Remote teams live and die by the phone meeting. So how can we prevent death? Channel Rumsfeld. Begin with known knowns of conducting a successful meeting: having a clear agenda, a discussion leader, and ending with a summary. Do those well. Then try out some ideas to address well-known challenges: disengagement, social friction, exclusion, time wastage, and inability to follow what’s going on.
- People on the phone can’t always tell between the two uses of brief silence—a brief pause, and signal for opening the floor for discussion. The speaker can address the issue by signaling the end of speech with a phrase such as ‘I am done.’ A speaker may start the speech by noting: ‘at the end of what I have to say, I will formally open up the floor and go around alphabetically among those whose speakers are unmuted.’
- Having ‘too many’ people = wasting people’s time + disinterested participants. How many is too many? The maximum number of people who can productively engage when everyone is expected to contribute is probably as low as 4–5. What do you do when you have a large team? Divide and conquer. Split people into small teams and share notes.
- Prevent or Cure Rambling as side effects are the same as above—time wastage and disinterest. If people are having trouble articulating, the discussion leader should take on the responsibility to energetically understand the point people are trying to get at. The discussion leader may also refer the person to the shared document to sketch out the idea and try again.

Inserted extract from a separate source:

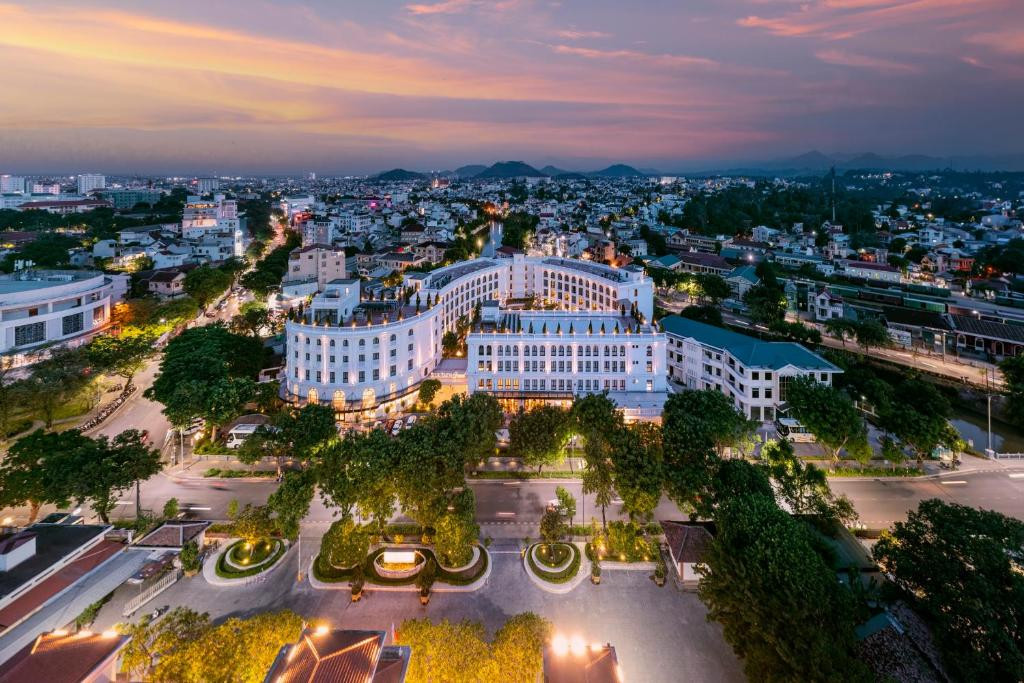SILK PATH GRAND HUE HOTEL фото 3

- Stuff in advance that everyone actually reads is important. Just tell people if you didn’t find time to read + independently think, just opt out (semi-private opt-outs with emails to meeting organizers should be allowed). The job of a meeting is not spoon feeding.
- Keeping people on the same page:
- Visual aids, e.g. slides, are useful in bringing people on the same page.
- Taking notes on a shared screen can also help see people that progress is being made. The document can be shared and that allows others to contribute and organize simultaneously.
Most importantly, avoid meetings when you can. If the aim of meeting = transferring information, it only makes sense to have a meeting < 10% of the times. Alternatives = write out a document, or create a slideshow or a video and send it along.